Post Number:#3  Post by Steve Brown » Thu Aug 22, 2013 6:29 pm

This is a topic that fascinates me. Why did our primate ancestors lose the ability to make vitamin C? I surmise it was because their diet was so abundant in ascorbate-rich fruit and vegetation, that glucose not converted to vitamin C had survival value that exceeded vitamin C itself, a rare and unique situation, possibly caused by a brain that was rapidly evolving in size and complexity. It is well known that the human brain consumes a lot of calories from glucose, not from fat. A problem arose when our primate ancestors left the forest to dwell on the plains; the diet became deficient in vitamin C. Survival became a challenge, and intelligence probably gave rise to folk wisdom about the value of eating fruit and vegetables, reinforcing the evolution of intelligence, as those too stupid to eat their vegetables died out.

What we have now, in synthetic vitamin C, is a triumph of evolution; it has found a way to restore healthy levels of vitamin C in our bodies, via the intelligence to discover, isolate, and synthesize vitamin C. I find it remarkable, really extraordinary, to have been born not only within a decade or two of the discovery of vitamin C, but to have been born to a father who was a chemical engineer involved in the manufacture of vitamin C at Hoffman-LaRoche, a Swiss pharmaceutical company that in 1935 acquired the patent to the Reichstein process for making vitamin C. My father was in charge of production of vitamin C by the metric ton, so our family always had an adequate supply. It is extraordinary, in light of the millions of years of human evolution and history, to have been born into that family, at just that time, in 1949.

Being able to supplement our diets with synthetic vitamin C gives us a tremendous advantage over our ancestors who had to fare as best they could without it. When I look at photographs from the 1800s, I am struck by how old people in their 60s appear, their skin deeply wrinkled. Compared to them, I look youthful in my 60s. I feel sorry for all the pain, misery, and suffering they had to endure. Synthetic vitamin C is a blessing; it gives us the ability to become super-human.
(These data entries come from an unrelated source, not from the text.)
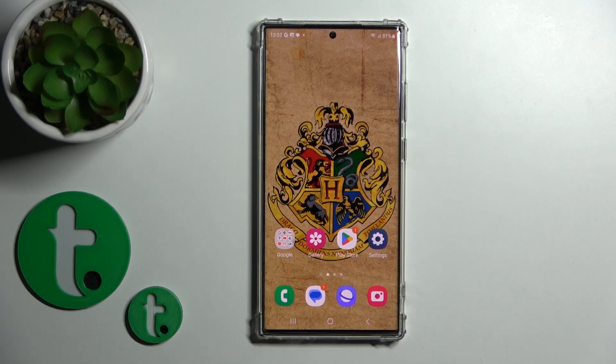Hi, this is a friend of mine, the Samsung Galaxy S23 Ultra, and I'll show you how to change the screen recorder's sound settings on this device.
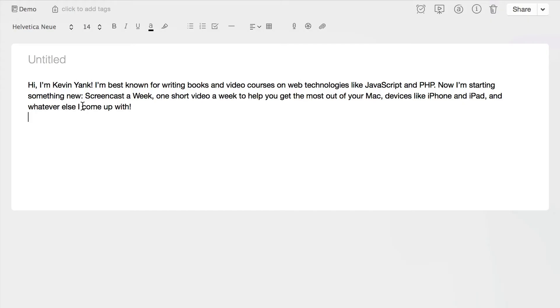Paste and Match Style — it's one of those features that when you see it on the menu, you think it's an advanced thing you're never going to use. But in fact it's really useful, and it makes you look like you know what you're doing. Rather than sending around emails with messed up formatting, you can get perfect-looking text every time. Thanks for watching Screencast a Week. Head over to patreon.com/screencastaweek to support the show, and I'll be right back next week with another Screencast a Week. I'm Kevin Yank. Bye!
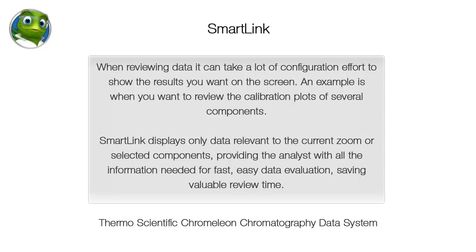When reviewing data it can take a lot of configuration effort to show the results you want on the screen. An example is when you want to review the calibration plots of several components.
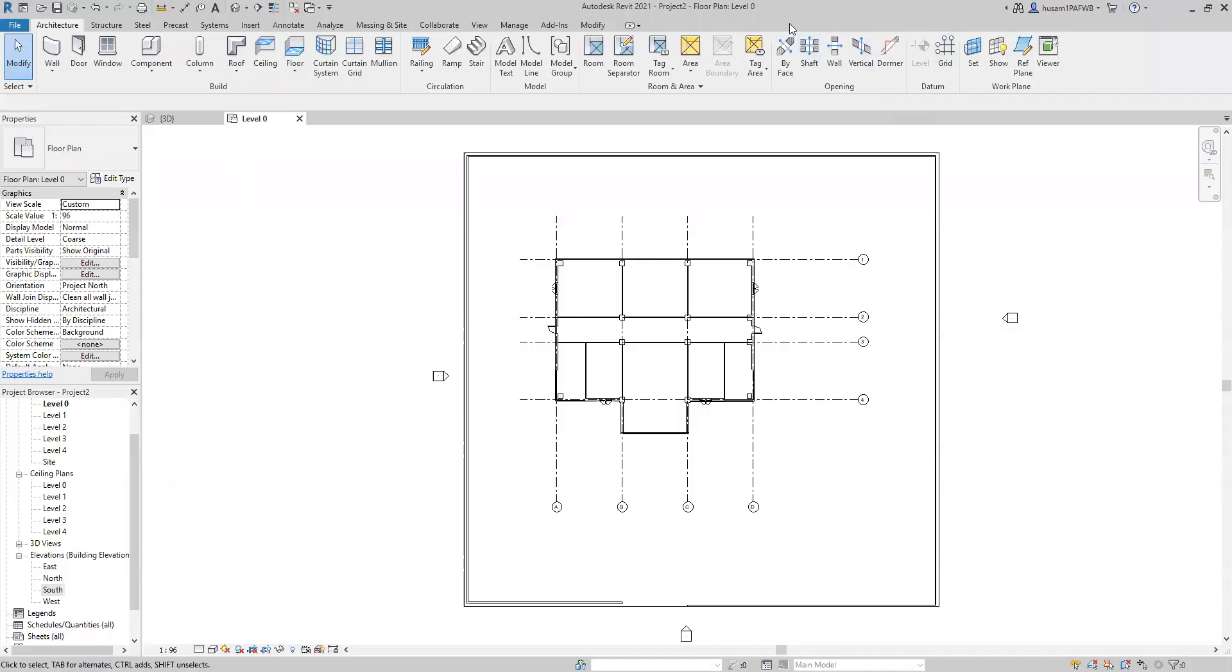Hello everyone. In this video, we're going to learn how to design a staircase for a commercial building. And in this building, we have four stories, so we're going to design the staircase for the entire building.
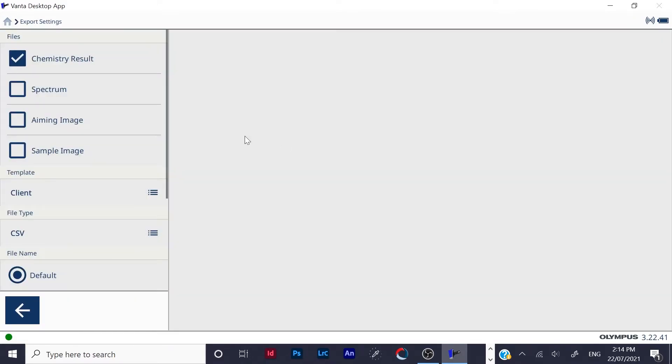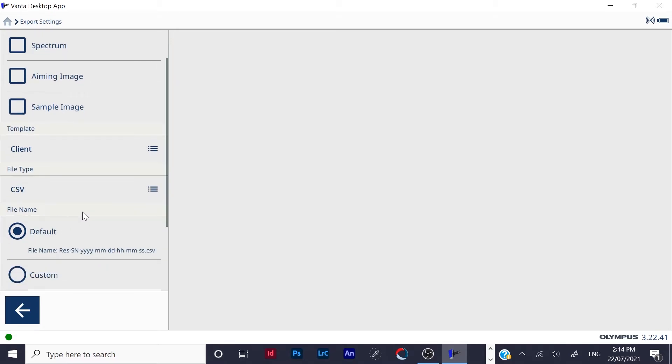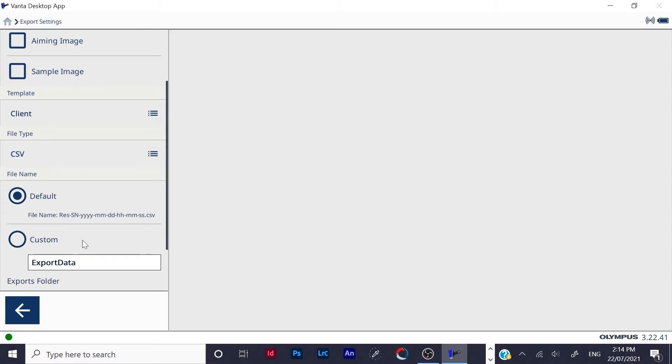And you want to make sure chemistry results has been ticked. The template is for client, file type CSV, file name default.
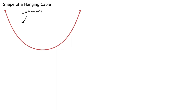What you might notice is that I've got this shape drawn as if it's hanging from two points — a cable hanging from two points of equal elevation. Of course, you don't need to do that; that's just a convenience in my drawing. This could be suspended between any two points, same elevation or not, and you may or may not have a lowest point on the cable.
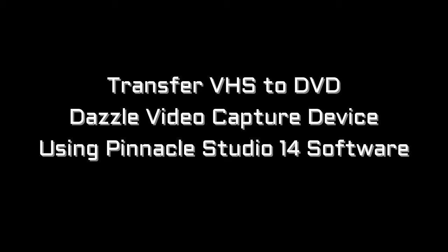To transfer a VHS recording to a DVD, you need a video capture card and Pinnacle Studio 14 software, which comes with the Dazzle that I purchased. Step one is to capture the recording, and step two is to write it to the disc. That's what this video will deal with.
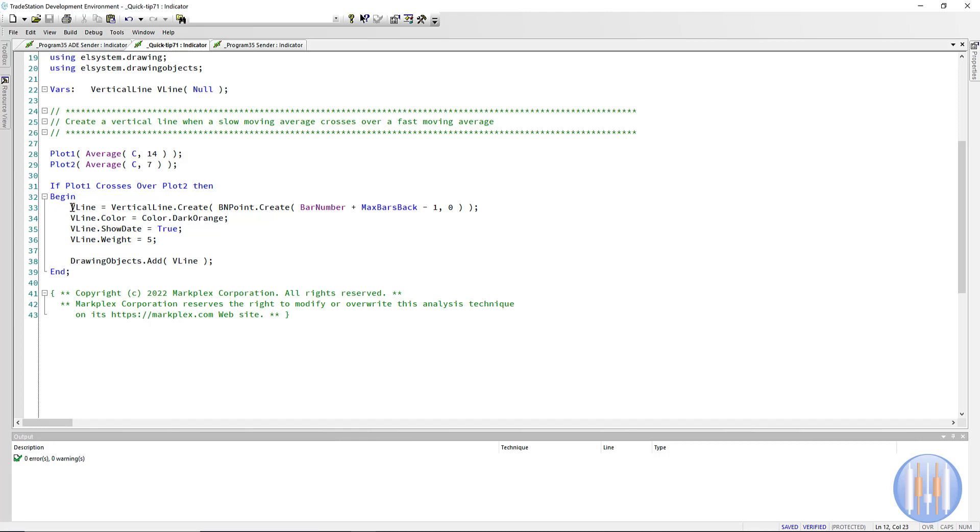The syntax is actually quite straightforward. We're using BNPoint—we could use DTPoint (date time point), but we're using BNPoint which is bar number point. We can set the bar number point up by adding MaxBarsBack minus one to the bar number, and then put in zero for the price. So that is the BNPoint, and we're creating the line using that.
Regarding speculation about correcting the mutation of the gene responsible for converting glucuronolactone to vitamin C, I think complications might arise, the most serious being that the human body does not discard glucuronolactone but utilizes it in the construction of connective tissue, and possibly in other ways. If the mutation were corrected, not an easy procedure as it involves many mutations that have accumulated over millions of years, it might be necessary to supplement the diet with glucuronolactone.
Last edited by Steve Brown on Thu Aug 22, 2013 11:57 pm, edited 1 time in total.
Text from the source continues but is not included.